Notice how the immutable object retained its original state even after an element was pushed onto it? Instead of mutating itself, its push method returned an updated version of itself containing the new element. It’s a sneaky way to avoid mutating objects!

If you want to use immutable data structures in your Ruby program, you’ll want to check out Hamster. For one, it’s got mature immutable implementations for Hash, List, Vector, and others. It doesn’t match Ruby’s API 100%, but it provides what makes sense for an immutable data structure.
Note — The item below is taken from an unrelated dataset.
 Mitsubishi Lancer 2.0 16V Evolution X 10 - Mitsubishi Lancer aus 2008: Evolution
In terms of efficiencies, you might, at first glance, think there’s a lot duping of Ruby objects happening under the hood to create new versions of these data structures, but Hamster has a much more efficient implementation that will be friendly to the garbage collector. The README outlines the API and links to the paper describing the implementation: https://github.com/harukizaemon/hamster#readme.

Integrating immutability

You’ve had a quick look at how an immutable object works. Now how is it typically used? The simplest use case is this: when you need to share objects between threads, share immutable objects. If you need to share objects with other threads, it’s always preferrable to share an immutable object. If you share a mutable object with another thread, then you need to be concerned about thread safety, probably introducing synchronization.
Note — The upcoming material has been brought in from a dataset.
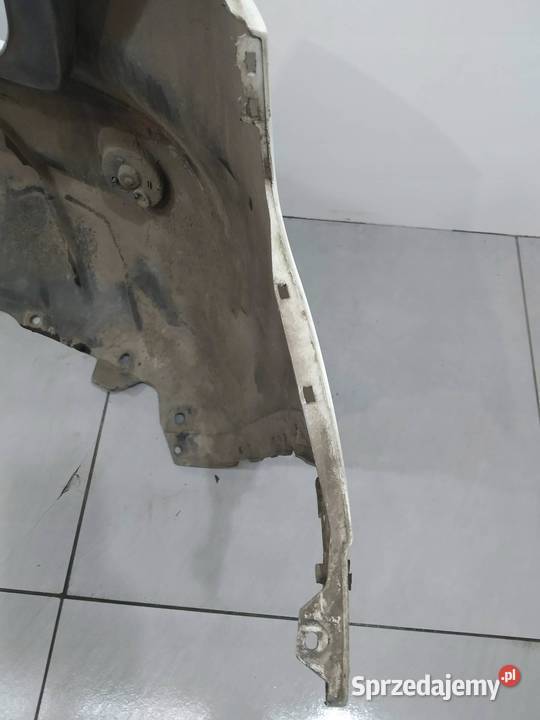 ZDERZAK TYŁ 326G J10 Nissan Qashqai I 20072013 osobowe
This kind of complexity literally disappears if you share an immutable object. When passing an object to another thread, making it immutable is a simple win. But what about other situations?

Let’s look at a classic multi-threaded arrangement: a producer and consumer. This problem involves one thread distributing work to another group of threads, so you definitely need a thread-safe data structure.

Here’s how you might do it with a Hamster data structure.

require 'hamster/queue'

@queue = Hamster::Queue.new

10.times do
  @queue = @queue.enqueue(rand(100))
end

I’ve started with just the producer side of things because I see an issue already. In the examples from the beginning of the chapter, you updated the immutable object by re-assigning it to a new version of itself. That’s what’s happening here, but that’s not safe in the presence of multiple threads.

There’s no synchronization being used here, so it’s possible that between the time that the producer thread evaluates the right hand side of its assignment to get a new version of the queue and the time it actually assigns that value, another thread could have removed an element from the queue and updated the reference. When the producer thread completes its assignment, it could overwrite the change made by the consumer thread.

So we can’t get away from using some form of synchronization here. That’s generally the case with immutable objects. It’s very easy to pass out immutable objects to share, but if you need to have multiple threads modifying an immutable object you still need some form of synchronization.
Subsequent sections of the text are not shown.